We got the wrong sort of hung parliament
The election saw a huge strengthening of the two major parties and a hung parliament in the same vote. Has that happened before? Surely a strengthening of major parties would usually come with a more decisive victory. After all, the reverse is true. Gains by smaller parties increase the likelihood of a hung parliament.
If you take a look at the dramatic surge of the Labour Party in the polling data, you have to conclude that something very big happened early April. Since then, it’s made steady gains. The key date is the day the election was called. From that point on, Labour surged from 25% to almost 37% based on an average of ten polls. In the end, it extended its share of the vote to 40% – 5% better than Tony Blair in 2005.
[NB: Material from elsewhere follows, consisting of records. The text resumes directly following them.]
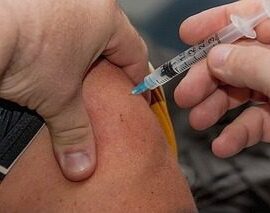 Arm receiving a vaccine injection with syringe.
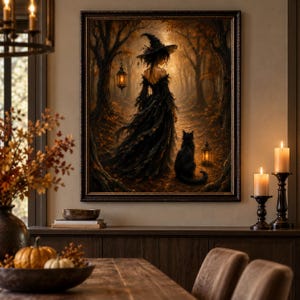 May include: A framed wall art print depicting a figure in a black dress and pointed hat standing in a dark, autumn forest with a black cat. A glowing lantern hangs from a tree branch, and another lantern sits on the ground near the cat.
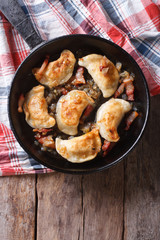fried dumplings in a pan close-up. vertical top view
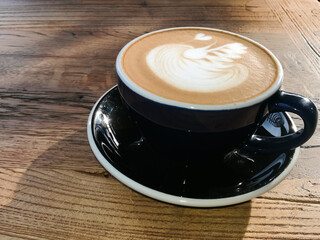 Hot mocha coffee or cappuccino in the blue cup with luxury pattern on the wooden table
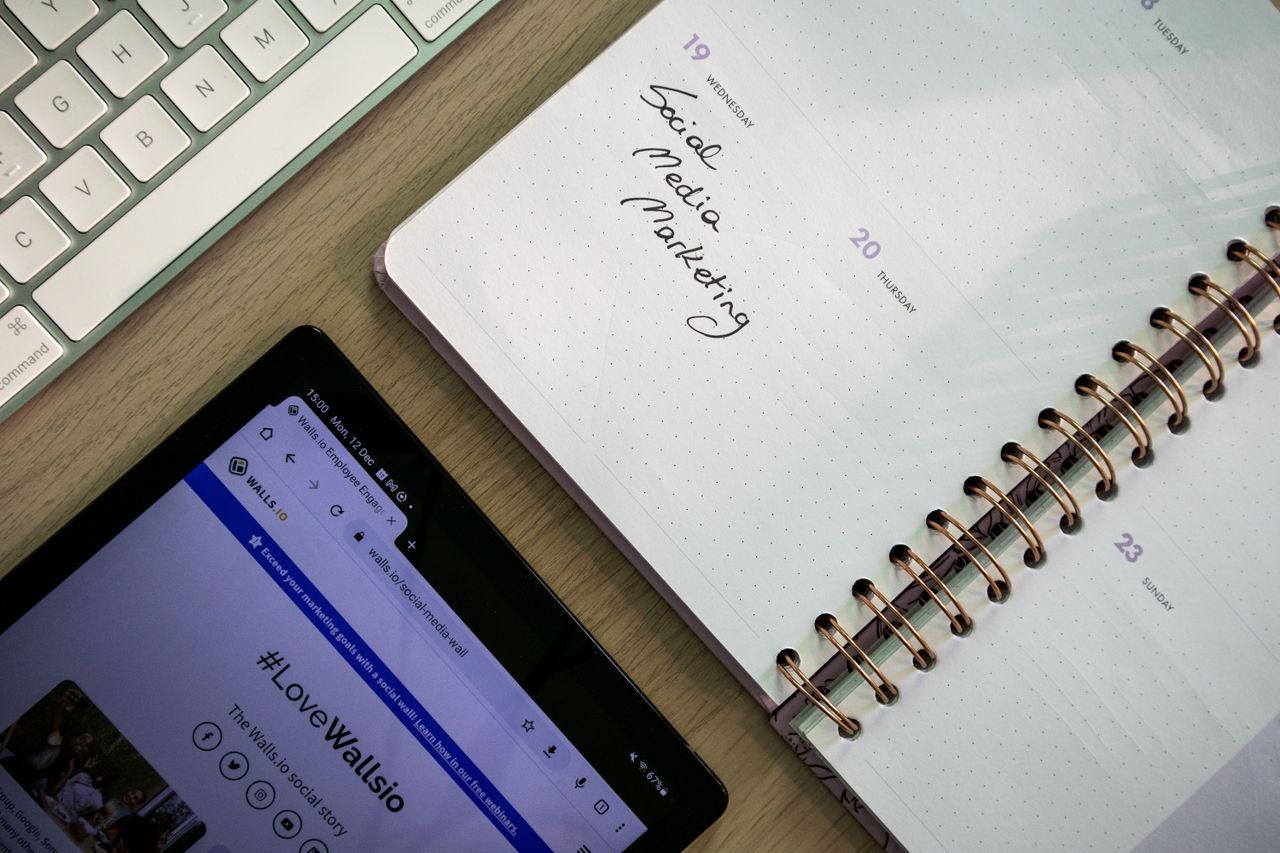 about-002 Vue de dessus d’un carnet, d’une tablette et d’un clavier utilisés pour la planification du marketing sur les réseaux sociaux.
Was the key decision of the campaign calling an election in the first place?
Maybe. But the Conservative share of polls only tumbled from May, the month, when the other May released her manifesto. That was a well publicised shemozzle.
There must be dozens of alternative theories for what happened out there.
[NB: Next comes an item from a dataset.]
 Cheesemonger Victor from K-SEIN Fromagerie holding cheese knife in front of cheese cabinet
Another interesting possibility is ideology. Jeremy Corbyn was big on ideology while May kept quiet and staked out a more pragmatic and mixed approach. This is odd in the wake of the Brexit referendum, when ideology and symbolism drove the country to a remarkable vote.
May’s failure to properly debate with her opponents seemed to work on everyone but Corbyn. Or perhaps it was simply her bizarre policies that sunk the campaign.
And what happened to the anti-Brexit protest vote? Surely the minor parties should’ve done very well on that. Especially since Labour decided to accept Brexit. This was the Lib Dems’ big opportunity! Instead they evaporated.
Another theory that keeps popping up is all about Ukip. Its voters didn’t turn to the Tories as expected. Although I’ve yet to see any evidence of this, it does explain a part of what happened.
The latest news is that May’s cabinet is going to have to give concessions to both the hard and soft Brexit camps if she wants to remain in power. Brexiteer Michael Gove is in the cabinet and the Northern Irish Democratic Unionist Party is part of the coalition too.
Good luck keeping everyone happy, Theresa.